Al Balushi, Aaisha; Al Hinai, Mariya; Al Hosni, Alya; Al Amrani, Fatima; Al Maimani, Ashwaq; Al Maki, Nabil; Al Hashmi, Nadia.
Afiliação
  • Al Balushi A; Division of Clinical and Biochemical Genetics, Child Health Department, Royal Hospital, Muscat, Oman.
  • Al Hinai M; National Genetic Center, Royal Hospital, Muscat, Oman.
  • Al Hosni A; National Genetic Center, Royal Hospital, Muscat, Oman.

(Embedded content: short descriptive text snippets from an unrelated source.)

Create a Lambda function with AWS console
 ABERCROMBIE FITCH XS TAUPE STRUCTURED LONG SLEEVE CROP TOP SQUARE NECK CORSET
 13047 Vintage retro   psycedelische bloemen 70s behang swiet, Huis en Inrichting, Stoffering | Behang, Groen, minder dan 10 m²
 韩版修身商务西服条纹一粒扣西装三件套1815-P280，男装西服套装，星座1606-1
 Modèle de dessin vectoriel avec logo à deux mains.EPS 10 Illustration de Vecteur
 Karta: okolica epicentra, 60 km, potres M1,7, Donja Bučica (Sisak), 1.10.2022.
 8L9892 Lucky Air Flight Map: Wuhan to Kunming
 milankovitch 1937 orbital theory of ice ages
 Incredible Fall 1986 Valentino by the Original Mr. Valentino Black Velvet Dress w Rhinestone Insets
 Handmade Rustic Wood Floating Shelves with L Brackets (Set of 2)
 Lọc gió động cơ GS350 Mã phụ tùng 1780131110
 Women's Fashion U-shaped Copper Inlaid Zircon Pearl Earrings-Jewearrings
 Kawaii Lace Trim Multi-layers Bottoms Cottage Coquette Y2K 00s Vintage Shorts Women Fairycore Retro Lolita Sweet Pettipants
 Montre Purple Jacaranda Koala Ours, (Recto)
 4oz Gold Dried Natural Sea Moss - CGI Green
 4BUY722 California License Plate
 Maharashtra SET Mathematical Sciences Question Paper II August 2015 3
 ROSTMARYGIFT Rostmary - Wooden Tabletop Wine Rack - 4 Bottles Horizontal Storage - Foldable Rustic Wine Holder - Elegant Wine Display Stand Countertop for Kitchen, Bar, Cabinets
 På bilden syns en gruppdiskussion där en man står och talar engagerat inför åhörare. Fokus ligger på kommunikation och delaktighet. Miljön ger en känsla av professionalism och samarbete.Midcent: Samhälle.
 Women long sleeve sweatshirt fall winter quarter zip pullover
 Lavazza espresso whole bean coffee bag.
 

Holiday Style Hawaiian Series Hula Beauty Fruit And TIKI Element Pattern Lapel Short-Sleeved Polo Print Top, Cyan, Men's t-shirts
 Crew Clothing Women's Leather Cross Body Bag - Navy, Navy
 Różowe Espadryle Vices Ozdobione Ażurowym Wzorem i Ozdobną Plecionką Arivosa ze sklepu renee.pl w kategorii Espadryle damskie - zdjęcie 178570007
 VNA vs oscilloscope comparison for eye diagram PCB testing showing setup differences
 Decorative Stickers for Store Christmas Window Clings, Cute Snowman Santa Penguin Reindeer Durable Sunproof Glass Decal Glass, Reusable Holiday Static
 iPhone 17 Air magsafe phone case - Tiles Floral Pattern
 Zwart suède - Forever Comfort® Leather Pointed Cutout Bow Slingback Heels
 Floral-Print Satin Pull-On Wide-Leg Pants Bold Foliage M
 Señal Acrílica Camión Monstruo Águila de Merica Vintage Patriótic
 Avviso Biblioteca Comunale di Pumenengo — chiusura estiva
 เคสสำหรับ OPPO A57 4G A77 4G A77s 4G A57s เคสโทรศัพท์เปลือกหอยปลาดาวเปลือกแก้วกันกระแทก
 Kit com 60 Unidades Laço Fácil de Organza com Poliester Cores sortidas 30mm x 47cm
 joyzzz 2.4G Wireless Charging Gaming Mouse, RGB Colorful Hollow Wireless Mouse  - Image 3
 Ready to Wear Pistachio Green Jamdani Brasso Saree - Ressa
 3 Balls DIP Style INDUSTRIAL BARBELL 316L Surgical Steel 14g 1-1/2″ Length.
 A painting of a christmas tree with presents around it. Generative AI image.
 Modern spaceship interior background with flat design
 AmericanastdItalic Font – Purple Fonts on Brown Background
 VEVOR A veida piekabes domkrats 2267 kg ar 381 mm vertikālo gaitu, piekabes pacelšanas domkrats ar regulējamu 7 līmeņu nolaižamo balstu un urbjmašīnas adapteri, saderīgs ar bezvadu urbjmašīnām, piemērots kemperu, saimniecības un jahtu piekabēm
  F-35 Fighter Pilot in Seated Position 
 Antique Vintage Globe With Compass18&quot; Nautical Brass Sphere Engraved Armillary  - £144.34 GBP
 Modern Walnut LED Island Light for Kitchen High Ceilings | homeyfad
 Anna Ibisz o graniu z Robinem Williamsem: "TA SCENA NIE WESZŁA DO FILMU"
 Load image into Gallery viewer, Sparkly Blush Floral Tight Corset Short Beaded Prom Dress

  • Al Amrani F; Division of Pediatric Neurology, Sultan Qaboos University Hospital, Seeb, Oman.
  • Al Maimani A; National Genetic Center, Royal Hospital, Muscat, Oman.
  • Al Maki N; Division of Pediatric Neurology, Child Health Department, Royal Hospital, Muscat, Oman.
  • Al Hashmi N; Division of Clinical and Biochemical Genetics, Child Health Department, Royal Hospital, Muscat, Oman.
J Pediatr Genet ; 13(3): 175-180, 2024 Sep.
Article em En | MEDLINE | ID: mdl-39086452
ABSTRACT
Distal arthrogryposis with impaired proprioception and touch (DAIPT) is an autosomal recessive neurogenetic disorder caused by homozygous pathogenic variants in the PIEZO2 gene. Here we present four Omani families with multiple affected members with DAIPT. The genetic diagnosis was established by whole exome sequencing and we identified a previously unreported homozygous missense variant PIEZO2 c.1591T > C, P.(Trp531Arg) in one family with two affected members. All patients showed clinical manifestation shortly after birth including transient respiratory insufficiency, significant hypotonia, and gross motor developmental delay with preserved cognitive function. The skeletal manifestation including arthrogryposis is more pronounced with age as we saw in our older patient. This case report will be of importance for physicians and genetic counsellors for faster diagnosis and for offering carrier testing for at-risk family members as part of the premarital testing program, which could help in reducing the burden of this disorder.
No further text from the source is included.